By the 1970s, Victor Papanek had developed a comprehensive alternative model to that presented by the Design Science proponents. In his seminal book Design for the Real World: Human Ecology and Social Change published in 1971, Papanek presents a highly critical case against the state of design. He argued that design had become overly focused on aesthetics and was principally a tool used by marketers, not dissimilar to the way design thinking is often used today. Papanek argued that the role of design was to address the underlying needs of humanity and that designers had a moral obligation to that end. Like Fuller, Papanek believed that design should be cross-disciplinary and research-oriented. The two men were after all close allies, with Fuller having written the preface to the first English language edition of Design for the Real World. However, Papanek was a far greater advocate for the integration of anthropology into design practice as a means of arriving at more socially and ecologically responsible solutions. He argued that design must elevate beyond process methodologies and standard models of best practice (Di Russo 2016, p.18). Ultimately his socially orientated practice, which increasingly incorporated vernacular sensibilities, saw Papanek collaborating with the likes UNESCO and the World Health Organization (Papanek.org 2011).

Distinctly Design

The question of whether or not design is distinct from Fuller’s science or Papanek’s humanities is still in debate, albeit, less fierce than in the 1960s. However, one scholar and co-creator of the Design Methods Movement, Bruce Archer expressed little doubt. He believed design represented a third distinct way of knowing. In an article published in the journal Design Studies, Archer (1979) explained:

»The repository of knowledge in Science is not only the literature of science but also the analytical skills and the intellectual integrity of which the scientist is the guardian. The repository of knowledge in the Humanities, not simply the literature of the humanities but also the discursive skills and the spiritual values of which the scholar is the guardian.

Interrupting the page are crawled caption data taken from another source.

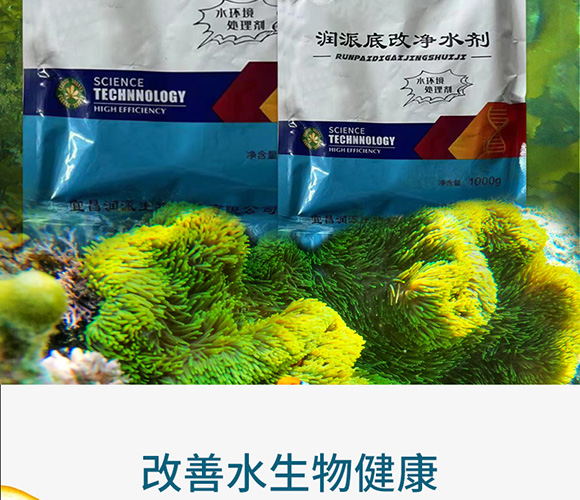 潤派底改凈水劑-潤派生物_02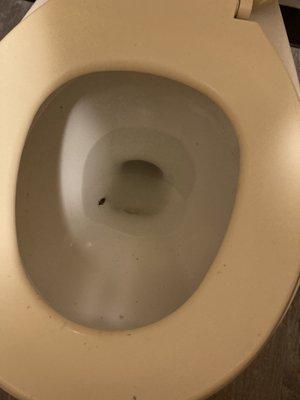 Roach in toilet. There was one in the nightstand drawer and one crawled under the bed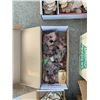 Image 3 : Thin Wood Burl Slices in Cardboard Boxes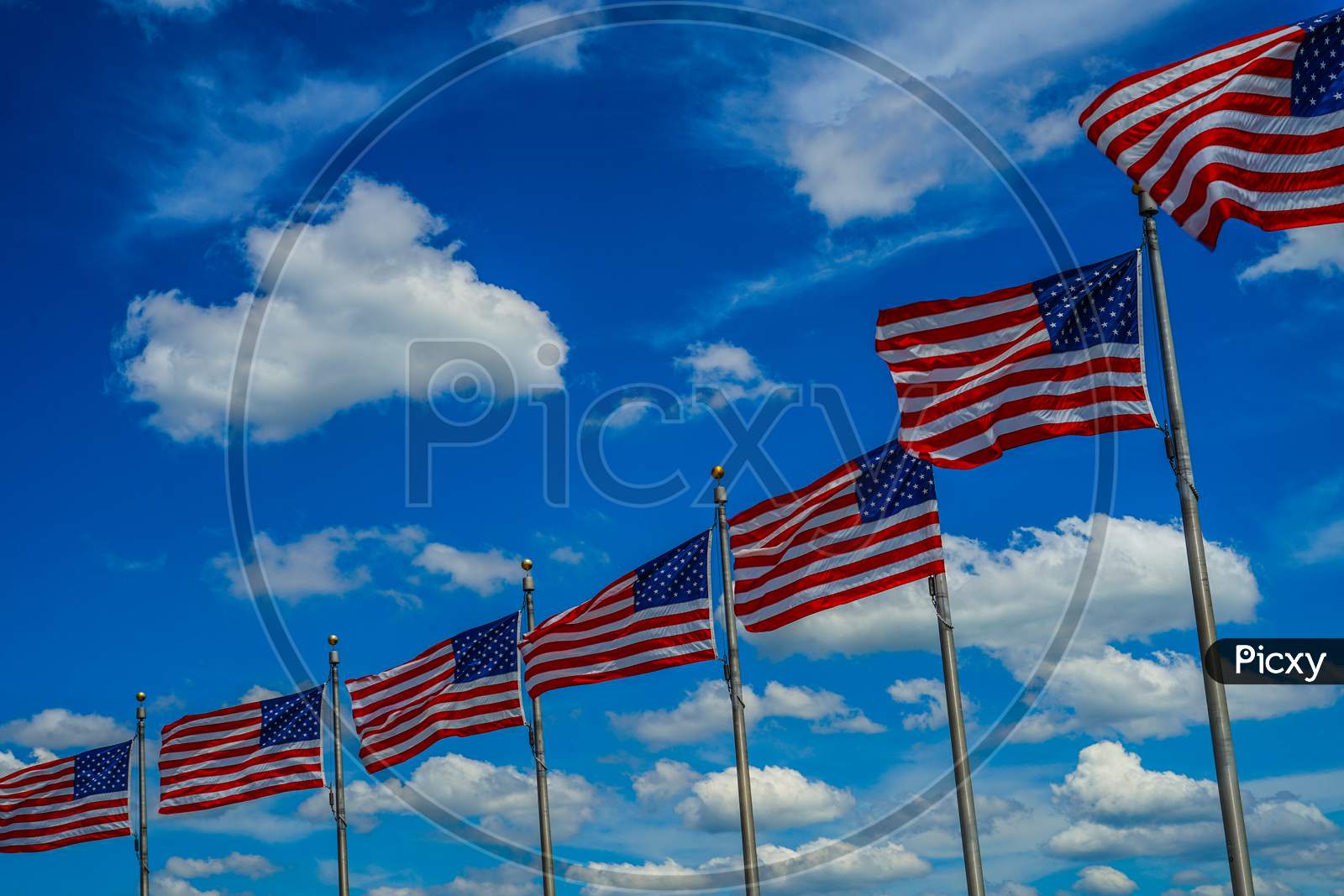 American Flag (Star Flag)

In Design, the repository of knowledge is not only the material culture and the contents of the museums but also the executive skills of the doer and maker.« (p.20)

While this makes the point that those who have not studied ‘designerly ways of knowing’, to borrow from Neil Cross (2001), may not be equipped to apply its process. It does suggest, as Simons (1969) did a decade earlier, that designers do not have a monopoly on design. Design is a characteristic inherent in all human activity; this is not to say that all humans can design well or have the necessary aptitude to design on demand, just that it is a predisposition that can be enhanced through education as plainly as science and the humanities.

Eureka

During the 1980–1990s scholars began reflecting on the foundations laid by the likes of Fuller, Papanek, and Archer. It was during this period that the term design thinking was formalised as the title of Peter Rowe’s book in 1987.

In 1991, Nigel Cross, along with Norbert Roozenburg and Kees Dorst initiated The Design Thinking Research Symposium to consolidate experimental and scientific research on the cognitive aspects underpinning design practice (Di Russo 2016, p.23). The investigations lead by the likes of Cross during this time into the habits and mindsets of designers became the foundations for the transferability of design tools into other professional contexts.

By the end of the 1990s, with design comprehensively deconstructed, the stage was set for its central innovation to be superimposed on any system facing wicked problems by anyone who cared to impose it. This understanding of design thinking as a transferable cognitive process, distinct from science and the humanities, yet still evidence-based and socially orientated as is now the dominant paradigm. In the words of Nigel Cross (1999):

»We have come to realize that we do not have to turn design into an imitation of science, nor do we have to treat design as a mysterious, ineffable art. We recognize that design has its own distinct intellectual culture; its own designerly ‘things to know, ways of knowing them, and ways of finding out about them’« (p.7).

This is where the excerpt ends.